--- DATASET RECORDS ---

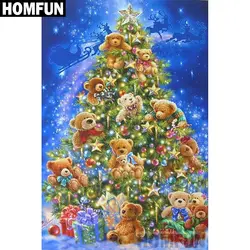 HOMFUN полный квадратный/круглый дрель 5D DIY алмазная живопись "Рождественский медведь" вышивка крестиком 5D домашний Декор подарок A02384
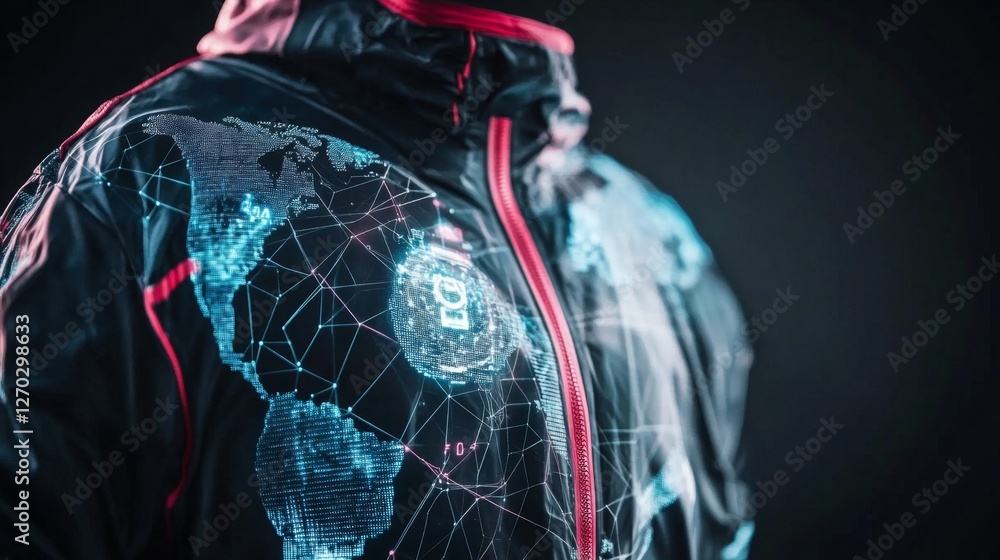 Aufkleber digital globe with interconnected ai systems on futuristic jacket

---
--- DATASET RECORDS ---

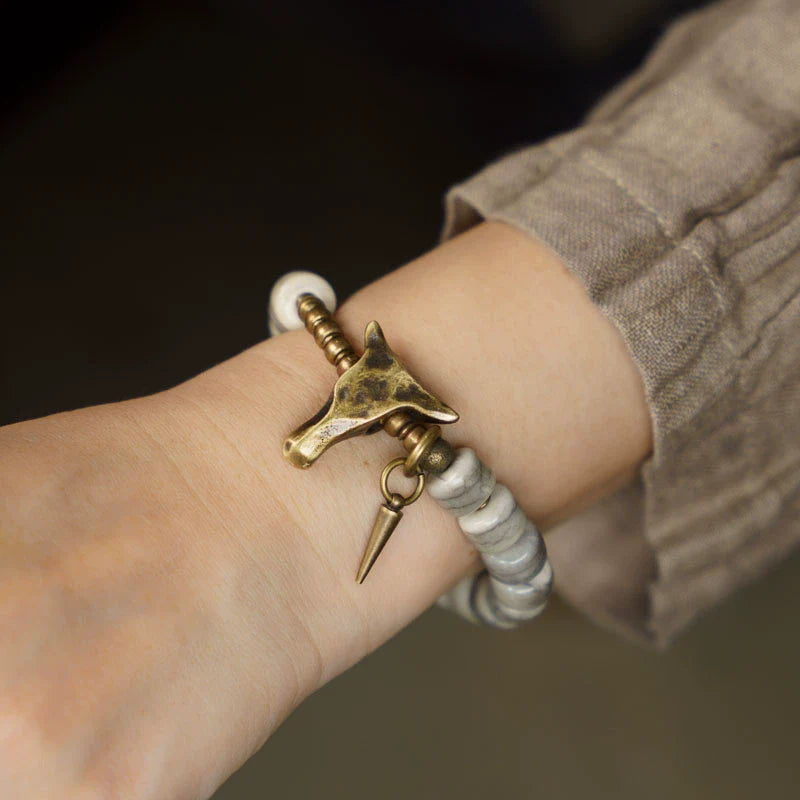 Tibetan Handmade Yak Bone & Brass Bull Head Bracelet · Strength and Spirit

---

* [WHAT TO WORK ON]: Between and including the line with "HOMFUN полный квадратный/круглый" and the line with "Aufkleber digital globe", repeat every line exactly as it appears above, with pictures left out.

* [OUTPUT FOR THIS EXERCISE]:
 HOMFUN полный квадратный/круглый дрель 5D DIY алмазная живопись "Рождественский медведь" вышивка крестиком 5D домашний Декор подарок A02384
 Aufkleber digital globe with interconnected ai systems on futuristic jacket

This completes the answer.